Con Froilan Gonzalez è l'ultima espressione dell'automobilismo del dopoguerra a lasciarci. Diciamo pure in concomitanza con gli inizi del mondiale di Formula 1 e in parallelo con la parabola di Manuel Fangio. Infatti, come il cinque volte iridato, è giunto in Italia nel 1950, dopo una certa notorietà nella natia Argentina. Ancora esistevano, allora, piloti privati da prima fila. Ecco, questo è il primo punto importante, per la corrente di simpatia che ha riscosso.
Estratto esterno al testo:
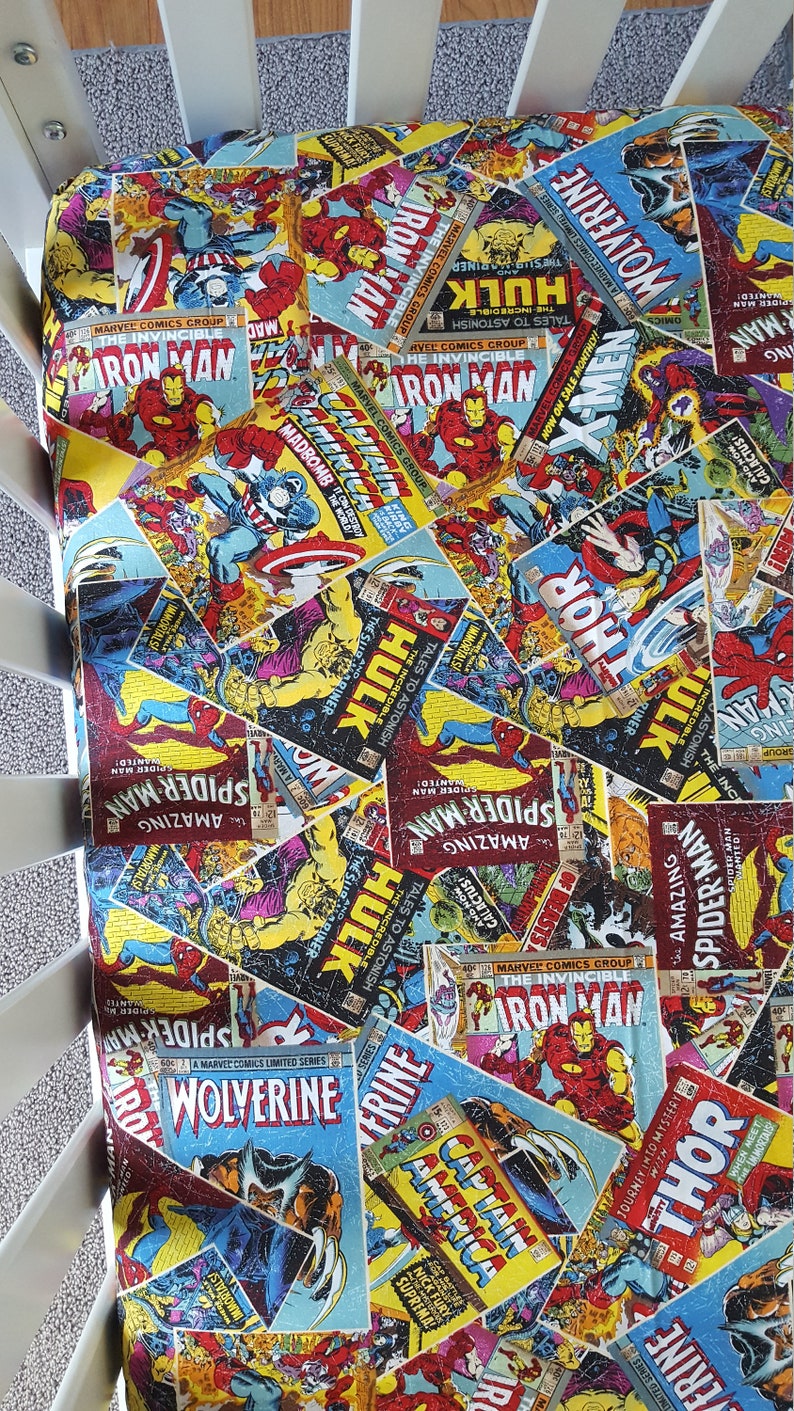 Marvel Comic Group Crib Toddler Fitted Sheet Superhero Etsy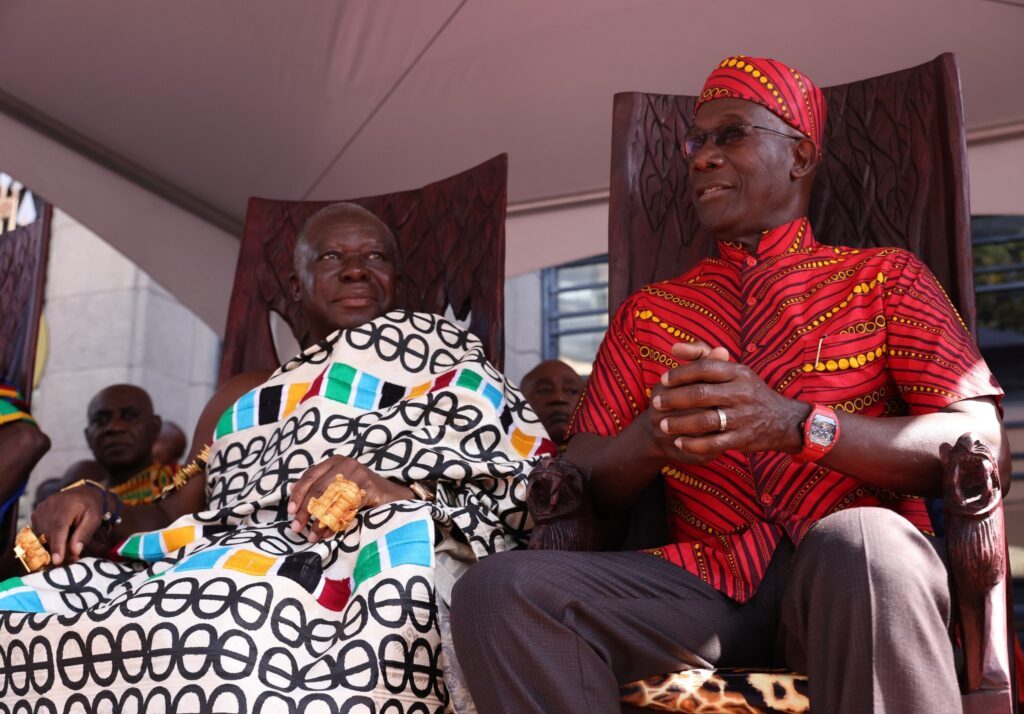 Prime Minister Dr Keith Rowley sits with The Asantehene, His Royal Majesty Otumfuo Osei Tutu II, during the Emancipation Day procession at the Treasury Building, Port of Spain on August first, 2023. - File photo courtesy OPM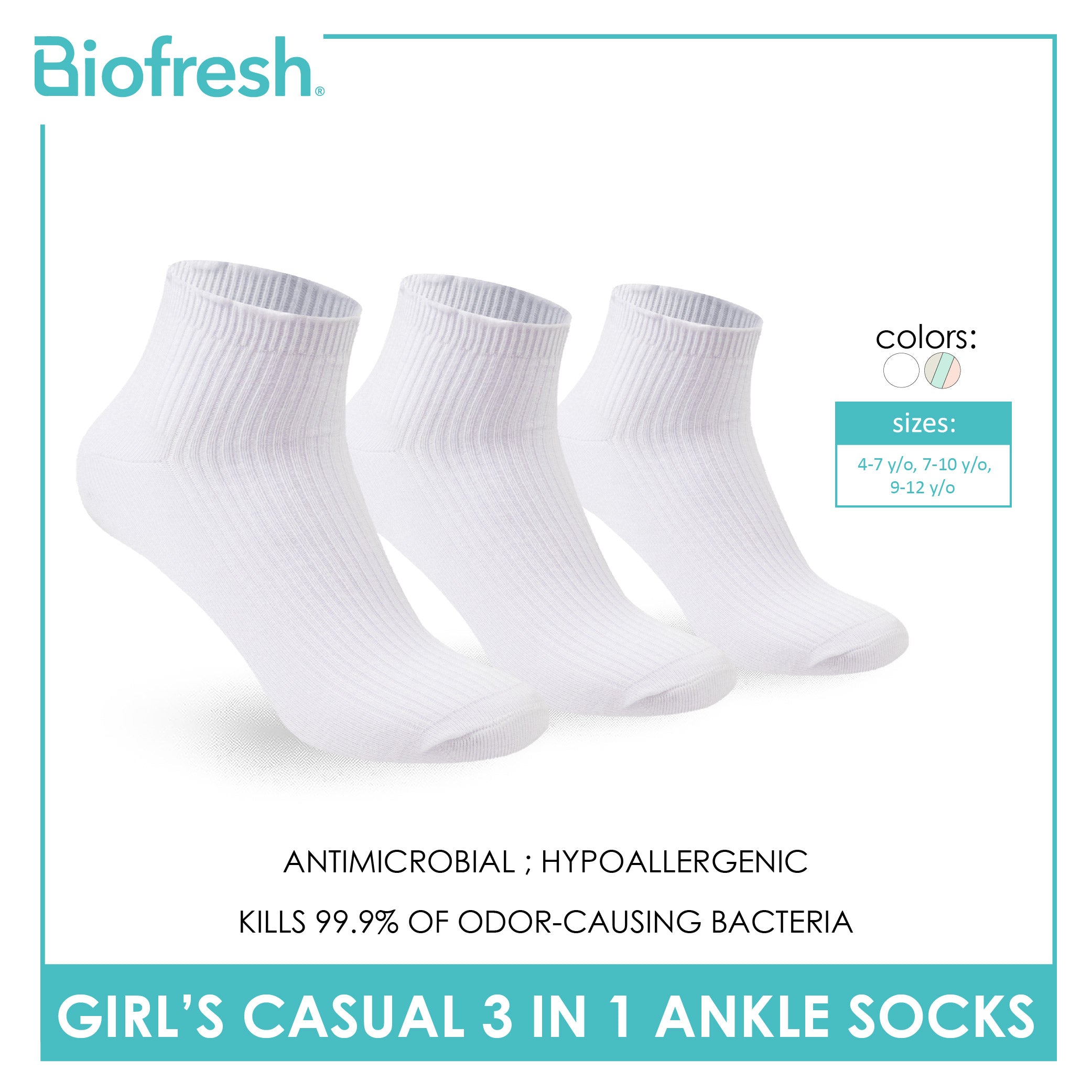 Biofresh Girls' Antimicrobial Cotton Thin Casual Ankle Socks 3 pairs in 1 pack RGCG4401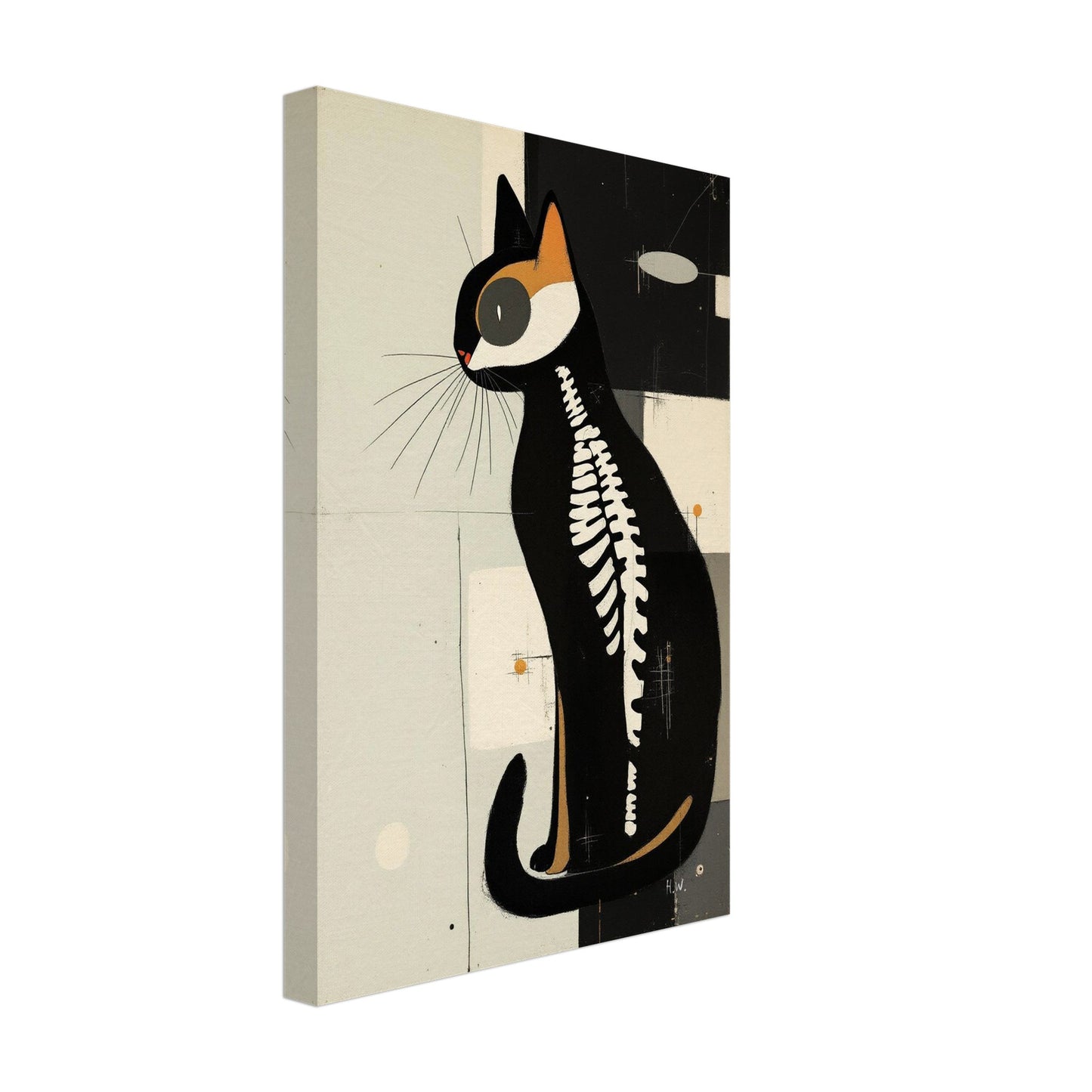 Modern Cat Skeleton Abstract Art Poster Print Black Wood Frame 30x45 cm 12x18″ Premium Matte Paper Wooden Framed Poster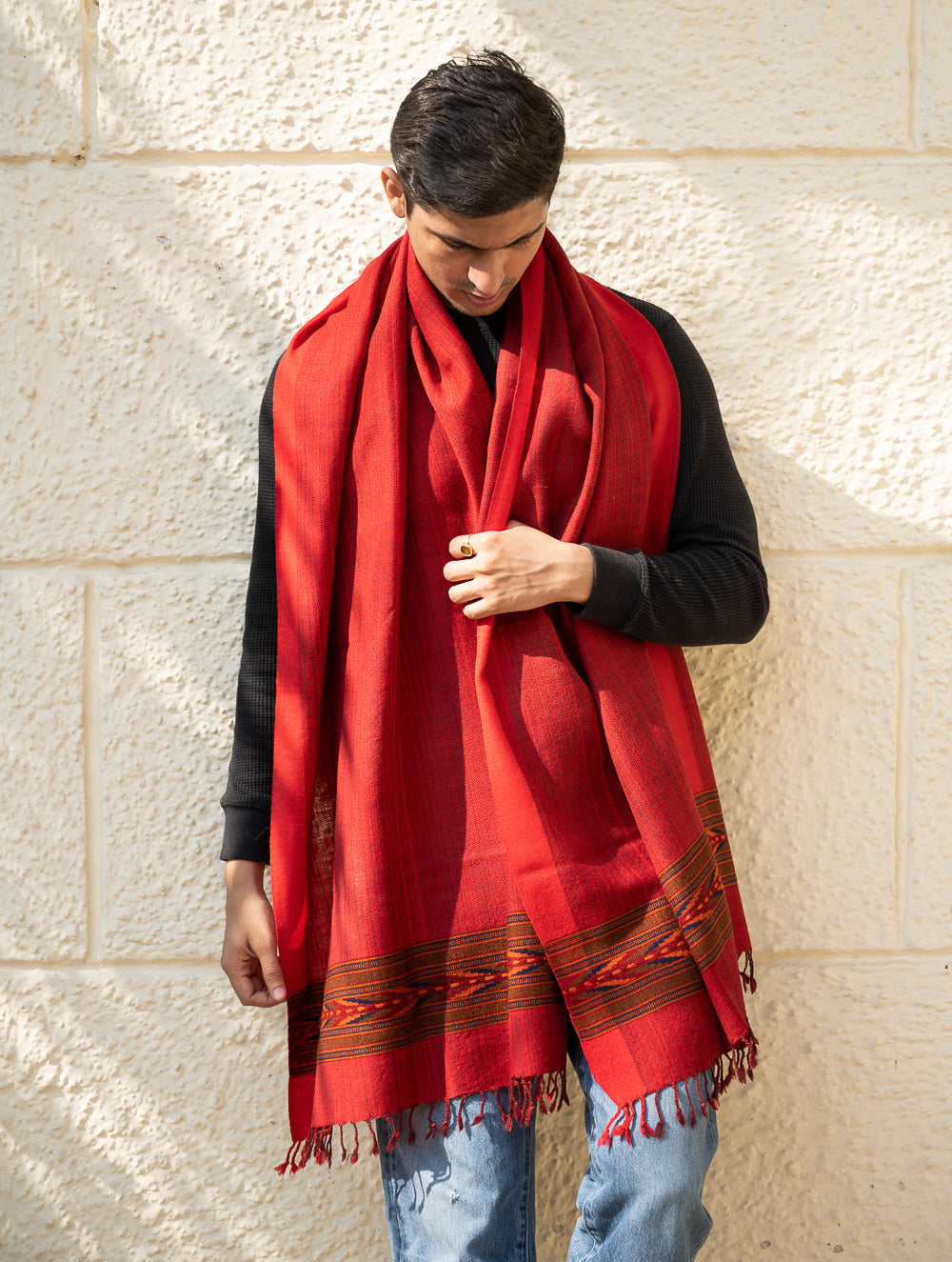 Load image into Gallery viewer, Light &amp; Warm Himachal Stole - Rosewood Bark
Ve lo immaginate, oggi, in Formula 1, un pilota che si compra la macchina e se la gestisce, anche con un aiutino del costruttore? Il secondo punto, da accomunare alla simpatia e alla giovialità, è quello della sua corpulenza. Ma, confesso, all'epoca non ci facevo caso, come tutti, del resto. Per noi, era "el cabezon", come lo chiamavano gli amici argentini, anche se la testa era in armonia con la corporatura. E quando lo vidi la prima volta, a Montecarlo, nel 1950, fui impressionato dalla cura che aveva per la sua Maserati privata. Pensate, l'aveva portata in prima fila, accanto alle Alfetta-compressore di Farina e di Fangio, esordiente di lusso e vincitore, chiamato dalla casa milanese, con il dissenso dei piloti nazionali, che si sentivano trascurati.
Se fosse giunto in Formula 1 soltanto una decina d'anni dopo, non avrebbe potuto calarsi in una monoposto. Il bello dell'automobilismo arcaico è che i piloti salivano ai vertici senza discriminazioni fisiche e cominciavano sulla trentina. Ma la fama "el cabezon" l'ha conosciuta soltanto l'anno dopo la sua apparizione a Montecarlo, dove il memorabile "incidentone" del primo giro (groviglio di dieci macchine) lo aveva coinvolto. Esattamente a Silverstone, portando una Ferrari alla prima vittoria nella storia del campionato mondiale. Enzo Ferrari era notoriamente un grandissimo conoscitore di piloti e l'originale piglio di Gonzalez l'aveva subito colpito. Una sua Formula 1 gliela affidò nella gara precedente, a Reims, assieme ai grandi Ascari e Villoresi. Però, non era ancora una macchina in grado di battersi contro le Alfa Romeo. Lui, "el cabezon" ci riuscì in Inghilterra. Era un ciclone. Pensate che fece la "pole" in 1'34"4 contro 1'44"4 di Fangio. Ricordo la sua foga. Correva a testa bassa, con l'intero corpo sporgente dall'abitacolo, sempre davanti ad Ascari, e ricordo di aver fatto un tifo tremendo per entrambi questi campioni, perché mi appassionava il confronto tecnico tra il motore aspirato V-12 di Maranello e il dominante otto cilindri sovralimentato.

E Gonzalez, eccellente anche nell'intero finale iridato (Nürburgiring, Monza e Pedralbes), ne è stato grande protagonista.